Harwood comment:  Any time the paramedics place a needle thoracostomy in the field, the patient should get a chest tube when they arrive in the ED.

 

If you are managing a bloody airway, you may need to use direct laryngoscopy rather than video laryngoscopy.  Blood can obscure video laryngoscopy.

When breaking bad news to families in heartbreaking situations, don’t hesitate to get support for yourself.  Some days our job can be terribly sad and emotionally disturbing.  Reach out to our faculty, chaplain, a crisis worker or co-workers for support.

 

Alexander      EKG Basics

 

*Basic Step-wise approach to EKG interpretation

 

Ari suggested the Rule of 4 for initial EKG interpretation

4 Features: Clinical context (patient age, chest pain), rate, rhythm, axis

4 Waves: P, QRS, T, U

4 Intervals: PR, QRS, ST, QT

 

Ari then demonstrated this approach on a number of EKG’s.   If you would like further EKG training, Ari has an excellent EKG teaching blog (Christ-ECG.com) linked to the ACMC EM website (click on Enlightenment)

 

Regan/Hart       Intro to Codes

Code 30:  The onset time of stroke is the “last known normal.”  If a patient wakes up with stroke symptoms, the onset of symptoms is not the time of waking but rather the last time the day prior that the patient felt normal or a family member noted them to be normal. 

 

Check a blood sugar in anyone who you can’t have a conversation with, anyone with a seizure, and anyone with neurologic findings.

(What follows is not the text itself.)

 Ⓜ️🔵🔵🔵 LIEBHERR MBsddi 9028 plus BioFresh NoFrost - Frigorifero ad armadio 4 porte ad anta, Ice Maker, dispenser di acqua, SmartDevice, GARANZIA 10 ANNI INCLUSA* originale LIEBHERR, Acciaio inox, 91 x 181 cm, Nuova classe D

There are phone apps and paper copies of the NIH stroke scale to make it easier to perform in patients you have a concern for stroke.

 

Girzadas comment: You may want to use the NIH stroke scale as the new standardized neurologic exam.  If you start doing it on all your patients with neurologic complaints you can get pretty fast at performing the exam.  Some non-stroke patients may need some additional exam components such as halpike or gait testing.

 

In the setting of acute stroke within 4.5 hours, if you get a stat CT head and the scan shows no hemorrhage, you should consider and discuss with neurology team about moving next to getting a CTA.  CTA will evaluate for the opportunity for interventional thrombectomy up to 6 hours out from onset of stroke symptoms. CTA is used to identify large proximal clots in the MCA.  These types of clots are the ones amenable to thrombectomy.

 

TPA outcomes: 1 in 3 patients will have some degree of improvement.  6 in 100 will have bleeding (some studies show higher rates of bleeding).   1 in 100 will have death or serious disability secondary to bleeding.

As of 2015, all contraindications to TPA are relative.  However, you need to weigh risks carefully.  If the patient has had prior ICH or is anti-coagulated you will probably evaluate the risk of TPA as outweighing the benefit.

Code 44:  Basic preparation: Assemble your team ASAP.   Get IV access.  Start O2.  Get them on a monitor/pulse ox and get an EKG.  Check the blood sugar.  Be sure you have airway tools in the room.

 

Holland       Hypertensive Emergencies

Deweert      5 Slide Follow Up

Holland       Admin Update

Unfortunately I missed these 3 excellent lectures.